Named after the Filipino word for fabric, Tela is the newest sustainable brand in town. It's designed by 19-year-old Alyssa Lagon, daughter to the forces behind popular Filipino fashion brand BAYO. "For BAYO, since everything is done in-house, I could see first-hand the textile scraps that are produced every year," Alyssa shares. "I thought to myself, 'What can I do to transform this waste into something useful?' And that's where the idea of creating a sustainable brand — which is now Tela — came to mind."
Alyssa Lagon, Owner of Tela
From the first step to the finishing touches, Tela's vision is to cultivate a mindful connection between the makers and buyers by engaging local craftsmen, through their partner, the BAYO Foundation. Excess fabrics from BAYO and other affiliate brands are donated to the foundation and is forwarded to weaving communities like the one in Argao, Cebu via ANTHILL Fabrics. Once these scraps are made into useable woven fabrics, BAYO Foundation buys them back and sells them to fashion brands. Thus, a cycle of sustainability is fostered.
Another daring move that Tela makes in the name of sustainable fashion is its decision to steer clear of buttons and zippers, which can add to environmental waste. When asked what could be done to fasten the dress and shape it to the body, Alyssa says, "We designed the pieces to fit the bodice through the use of adjustable fabric straps which you can tighten."

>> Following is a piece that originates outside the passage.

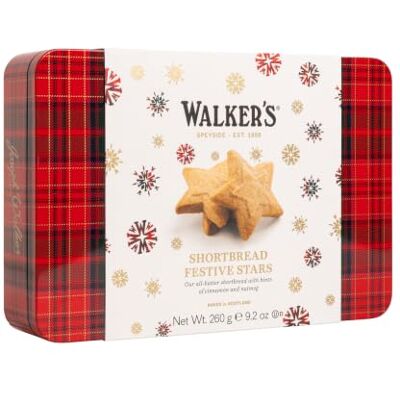 Walkers Walker's Shortbread Festive Stars Shortbread Tin, 260g Traditional All-Butter Scottish Recipe, Shortbread Stars Shape Cookies Tin, Perfect for Festival, Gifting & Snacking Walkers Walker's Shortbread Festive Stars Shortbread Tin, 260g Traditional All-Butter Scottish Recipe, Shortbread Stars Shape Cookies Tin, Perfect for Festival, Gifting & Snacking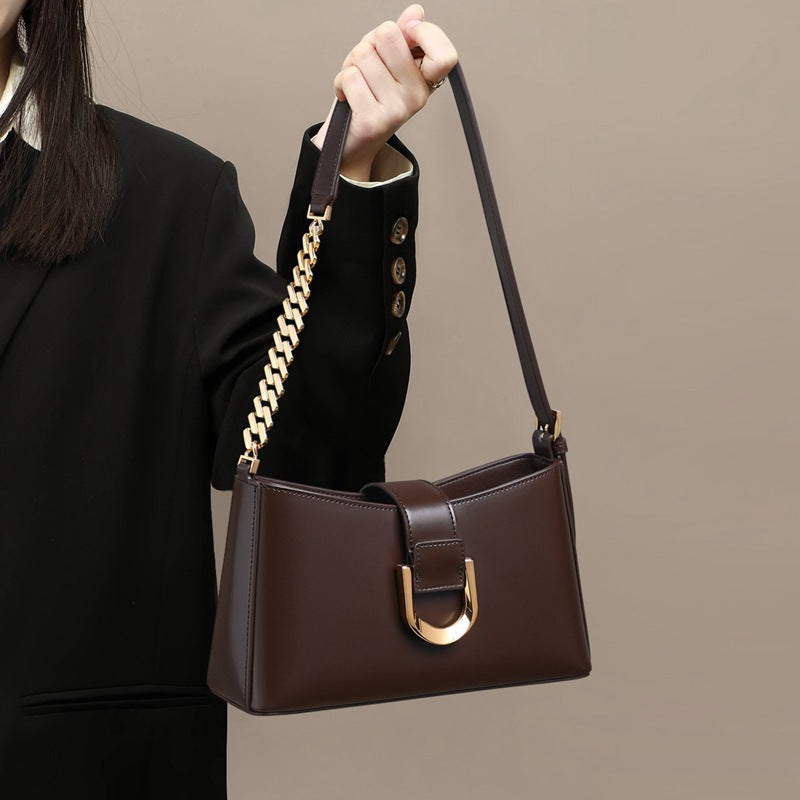 Women's Summer Genuine Leather Underarm Light Luxury Simplicity Women's Shoulder Bag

Tela uses adjustable straps instead of zippers and buttons
Tela kickstarts their debut with three collections: Refresh (spotlights natural fibres), Revive (highlights traditional weaving), and Renew (special upcycled pieces made from fabric scraps).
Pieces from the refresh collection are sleek and made from natural fibres
The revive collection showcases the art of traditional Filipino weaving
The renew collection are made from production scraps that are given new life
Aside from producing chic minimalist clothing, Tela also puts thought into the little things like its hang tags, which are made of mint seed paper that you can plant.